The canonical regex way of doing this is to search on word boundaries:
pry(main)> "foo/womens/bar".match(/\bwomens\b/)
=> #<MatchData "womens">
pry(main)> "foo/womens/bar".match(/\bmens\b/)
=> nil
pry(main)> "foo/mens/bar".match(/\bmens\b/)
=> #<MatchData "mens">
pry(main)> "foo/mens/bar".match(/\bwomens\b/)
=> nil
That said, either splitting, or searching with the leading "/", may be adequate.
If you first check for women it should work:
# assumes str is not nil
def gender(str)
if str.include?("women")
"F"
elsif str.include?("men")
"M"
else
nil
end
end
If this is not what you are looking for, please explain your problem in more detail.

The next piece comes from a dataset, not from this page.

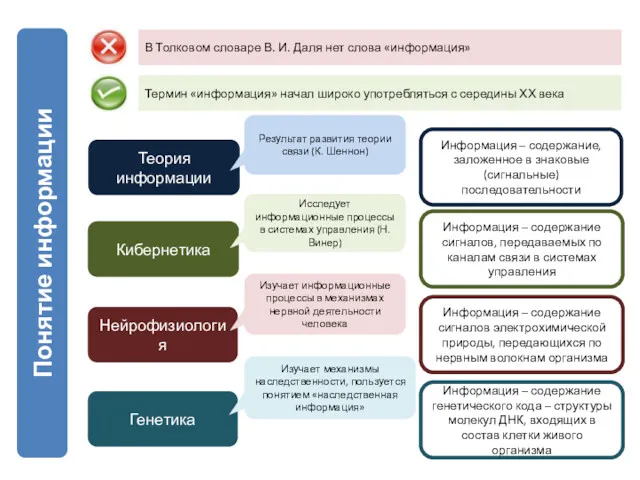 Понятие информации В Толковом словаре В. И. Даля нет слова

You could split with / and check for string equality on the component(s) you want -- no need for a regex there
keyword = "women"
url = "www.website1.com/shop/womens/tops/tshirt"
/\/#{keyword}/ =~ url
=> 21
keyword = "men"
url = "www.website1.com/shop/womens/tops/tshirt"
/\/#{keyword}/ =~ url
=> nil
keyword = "women"
url = www.website2.com/products/womens-tshirt
/\/#{keyword}/ =~ url
=> 25
keyword = "men"
url = www.website2.com/products/womens-tshirt
/\/#{keyword}/ =~ url
=> nil
Then just do a !! on it:
=> !!nil => false
=> !!25 => true